India can help resolve the crisis by quietly pressuring the Kremlin.
In an attempt to stay out of the crisis, the Indian Ministry of External Affairs has called for a “peaceful resolution” and emphasized the need for “sustained diplomatic efforts” to resolve the situation. But this is a nonstatement that is unlikely to please either Russia or the United States. It will certainly not please Ukraine, which is home to roughly 20,000 Indian citizens. India’s efforts to stay silent could also lead Moscow to believe it has New Delhi’s support, something the government would like to prevent. When India abstained from a January 31 UN Security Council vote to discuss the crisis, the Russian permanent representative thanked India as well as China for its support.

Instead, India can help resolve the crisis by quietly pressuring the Kremlin to move toward a resolution. That means India should emphasize the long-term consequences of not reaching a diplomatic settlement. The Russian-Indian relationship is not one-sided—the former also benefits from the backing of the latter—and New Delhi should make it clear to Moscow that Russia cannot count on India’s support for an invasion of Ukraine. India should also remind Russia that it, too, has an interest in balancing against China, particularly in Central Asia, where both Moscow and Beijing have economic interests and want to establish a sphere of influence. A military confrontation, India could point out, would make it harder for Russia to compete against Beijing by isolating Moscow from other potential partners. The invasion could also possibly force Indian Prime Minister Narendra Modi’s government, which many international observers have repeatedly argued is autocratic, to move into an even closer partnership with the United States in order to defend its commitment to democracy and the Quad.

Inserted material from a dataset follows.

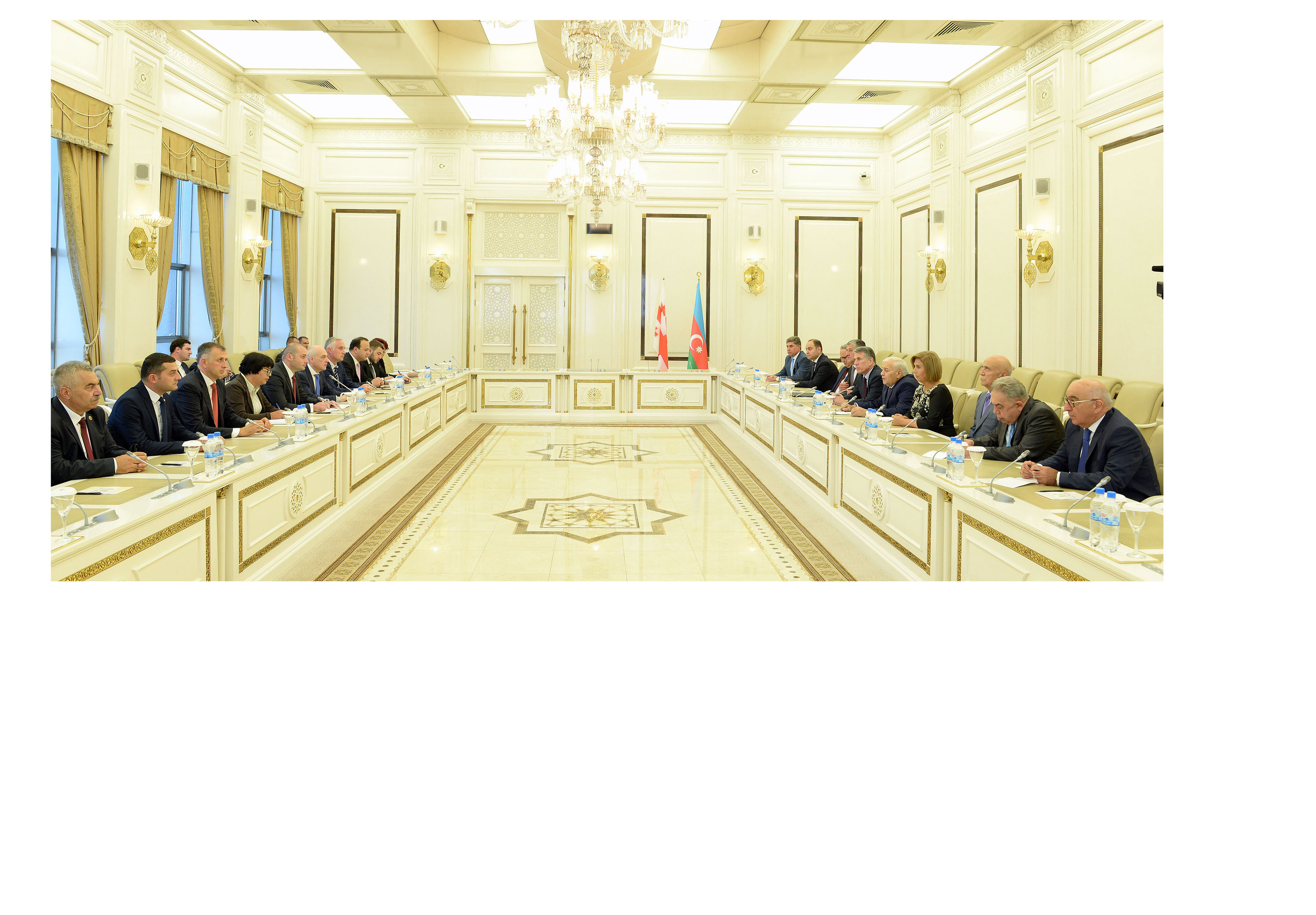 Мамука Бахтадзе: «Грузия гордится стратегическим партнерством с Азербайджаном»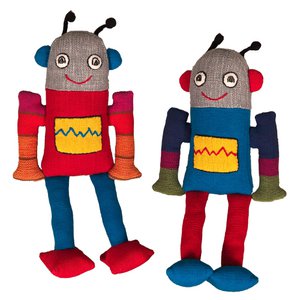 Stoffen figuur robot Stoffen robot Jupiter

This will be an uncomfortable conversation for India to have. But it will be worth it, both for New Delhi and for the world. India is the only big power that can draw on decades of friendship to pressure Moscow and tell it hard truths. That means New Delhi is uniquely positioned not just to shore up its own geopolitical position but also to prevent a deeply destabilizing and extremely violent conflict. India’s alternative, trying to avoid the crisis in order to maintain “strategic autonomy,” won’t wash. Rather than advancing New Delhi’s interests or enhancing its global stature, staying silent will make India look like an opportunistic and self-interested partner, not worthy of greater cooperation or support.